The Bible is the blue print of Christianity but the bible was written 2,000 years ago, probably pretty progressive and modern at the time but looking old today in a totally different world with all the technological advance and scientific knowledge and after a series of social revolutions that have change dramatically life. If you think of it like that then yes Christianity is a long gone by philosophy that has to change and march the times if they want to survive in the modern world. But the same time Christianity is not about long hair, piercing, rock & roll; it is about good and evil and this message is beyond time, space and contemporary semantics and this applies to all religions, Islam, Buddhism or whatever else. So there is not issue for modernization, the message remains the same through time and space.
I think if the church – and here I’m not talking about religion but about the people that constitute the church - manage to accept this simple thing then with the help of time they can be tolerance to everything. I suppose back in 50s it would have been unthinkable to have a punk in the congregation nowadays in Finland you see women priests and vicars with dyed their hair purple and their nails bright red. I don’t think that changed the message these people communicate. But then you have to remember that I am an atheist.

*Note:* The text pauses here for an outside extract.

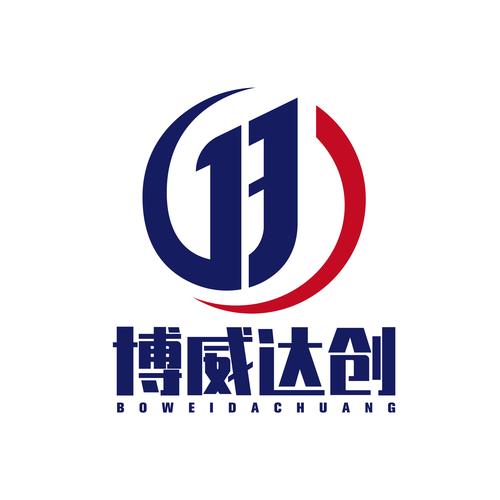 叶明坚,公司经营范围包括:科技信息咨询服务;科技中介服务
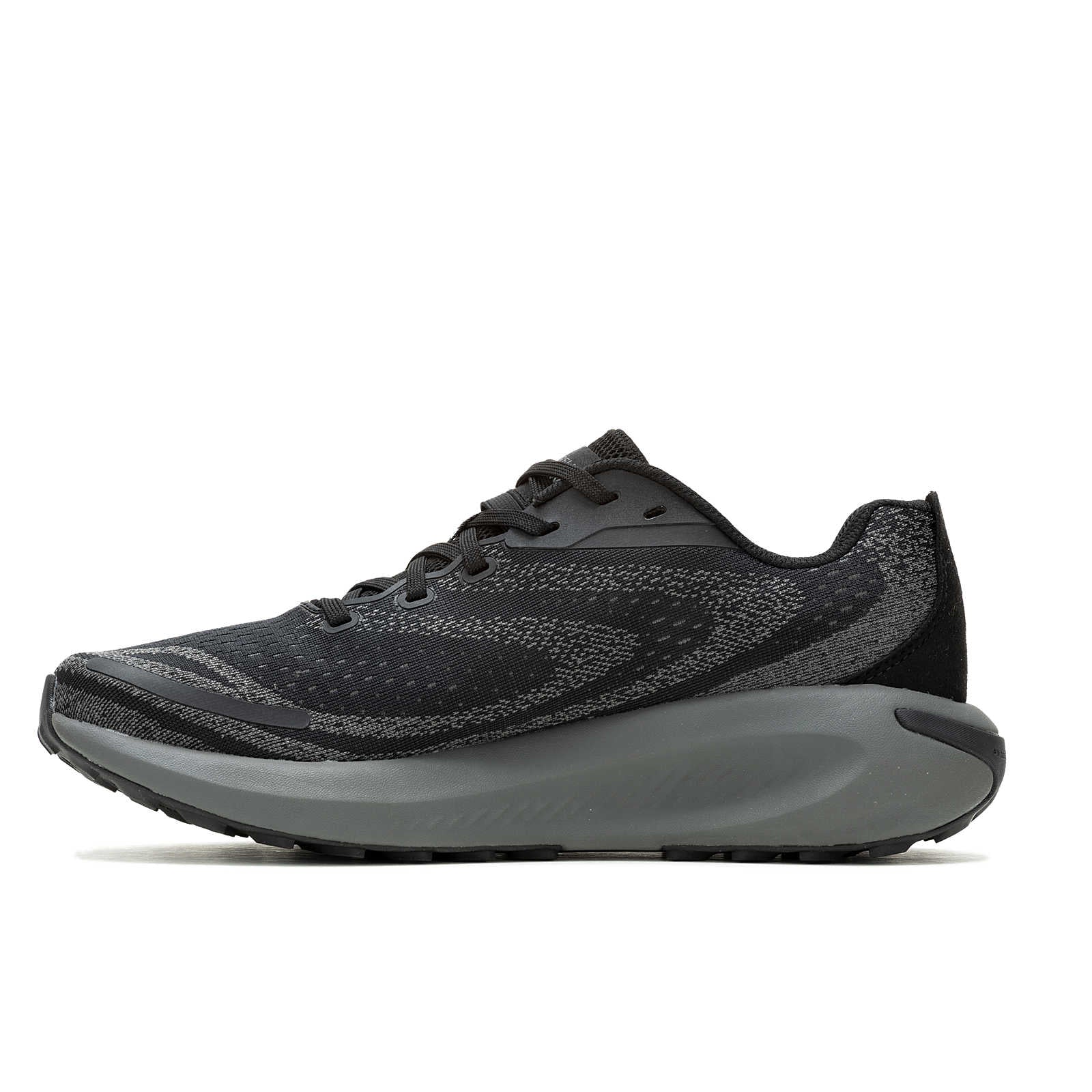 Merrell Morphlite - Men's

But let’s return to the Finnish Evangelical-Lutheran Church. From one side I find overwhelmed the reaction of the people and I think that most of them used the event as a good excuse to stop paying the church tax in times of serious economic recession. If they were fully conscious to what they were doing then there are two problems. First of all especially after the invasion of women priests in the Finnish Evangelical-Lutheran Church, Finns were spoiled expecting from the church to do anything radical and “modern” forgetting that the church has always been a conservative and very slow moving institution and second that the church in Finland has failed to pass the message and identify itself as an institution to its own congregation. Actually the church is not a club where members decide the rules and can change them all the time.
And here is where the Finnish Evangelical-Lutheran Church does the huge mistake the last few days, instead of making clear everything to return to basics it has gone inside a whole conversation on how much this whole mess will cost! Actually if more people leave the Finnish church the weeks to come it will not surprise me since now the people start feeling that it’s all about money and nothing about faith.
And one last thing, I’ve read in the Finnish news about the church’s reaction that was accompanied with the note that the poor and the needed are the ones who are going to lose. I find the note very cheap and populist and the answer in the same level could be that things would improve if the archbishop would sell his very contemporary and luxurious Mercedes-Benz and use the money to help the poor and needed.
I know that I have put too many things together in this text and in a very small space but I would have never done it if the Finnish church hadn’t gone so secular to defend something so spiritual.